=== The input ===
____

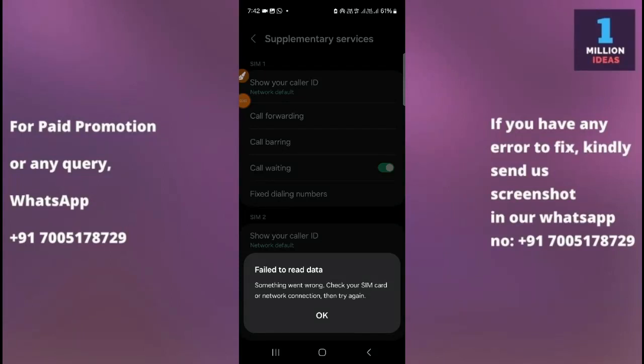How to fix 'Failed to Read Data - Something Went Wrong' on Samsung Z Fold 4. Welcome back to the One Million Idols YouTube channel. In this video, I'm going to show you how you can fix this problem on your device. Whenever we try to open our supplementary services on our Samsung device or any other Android phone, it says 'Failed to Read Data.'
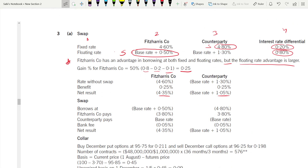Under the swap arrangement: the company borrows at the floating rate and the counterparty borrows at the fixed rate. Keep the net results as they are. The bank fee is 0.05% each. Working through the base rate variable component — if you look at the net results, the counterparty is paying the base rate and the company is receiving the base rate.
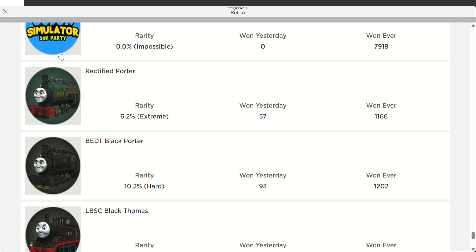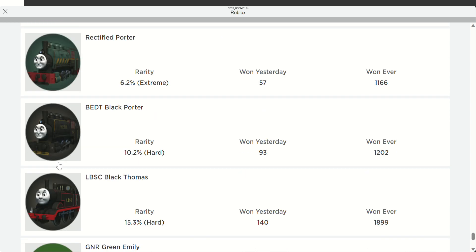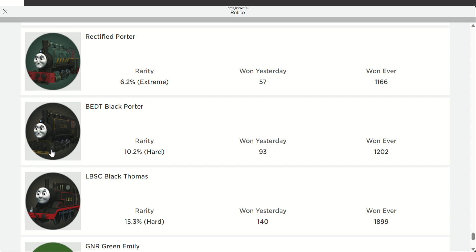Hello everyone, Sodor Simulator has updated with four new variants. Here's the first variant, the Rectified Porter. We have some Porter variants, that's good.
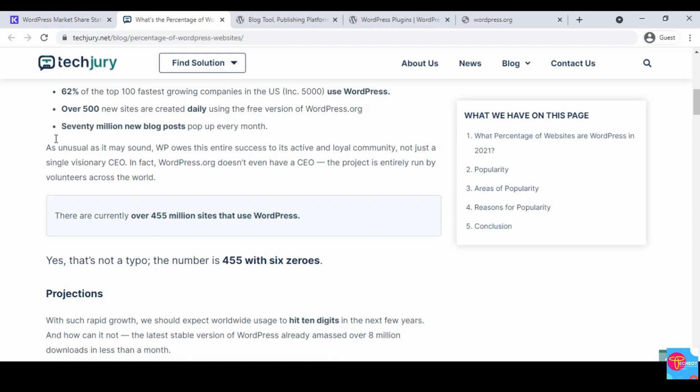I'm going to share this link so that you can read the article and know more about the percentage of websites using WordPress. One thing I want to point out is that as of the time of making this tutorial video, there are currently over 455 million websites that use WordPress.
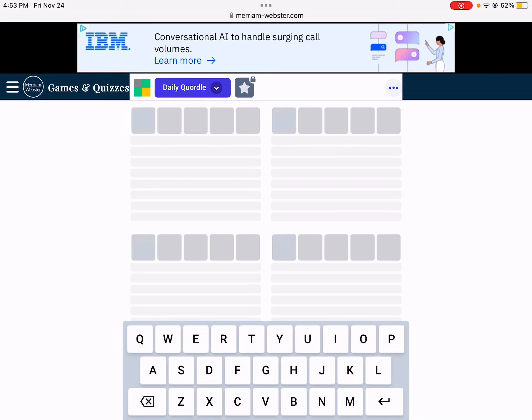Hello, today I'll be solving the Quordle for November 24th, 2023. Yeah, I'm bored. I haven't posted in a while. So yeah, I'll try to post more, but I've been busy.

____

=== Aim of the exercise ===
All of the data above needs to be retyped exactly, with the pictures removed.

=== Solution for this exercise ===
How to fix 'Failed to Read Data - Something Went Wrong' on Samsung Z Fold 4. Welcome back to the One Million Idols YouTube channel. In this video, I'm going to show you how you can fix this problem on your device. Whenever we try to open our supplementary services on our Samsung device or any other Android phone, it says 'Failed to Read Data.'
Under the swap arrangement: the company borrows at the floating rate and the counterparty borrows at the fixed rate. Keep the net results as they are. The bank fee is 0.05% each. Working through the base rate variable component — if you look at the net results, the counterparty is paying the base rate and the company is receiving the base rate.
Hello everyone, Sodor Simulator has updated with four new variants. Here's the first variant, the Rectified Porter. We have some Porter variants, that's good.
I'm going to share this link so that you can read the article and know more about the percentage of websites using WordPress. One thing I want to point out is that as of the time of making this tutorial video, there are currently over 455 million websites that use WordPress.
Hello, today I'll be solving the Quordle for November 24th, 2023. Yeah, I'm bored. I haven't posted in a while. So yeah, I'll try to post more, but I've been busy.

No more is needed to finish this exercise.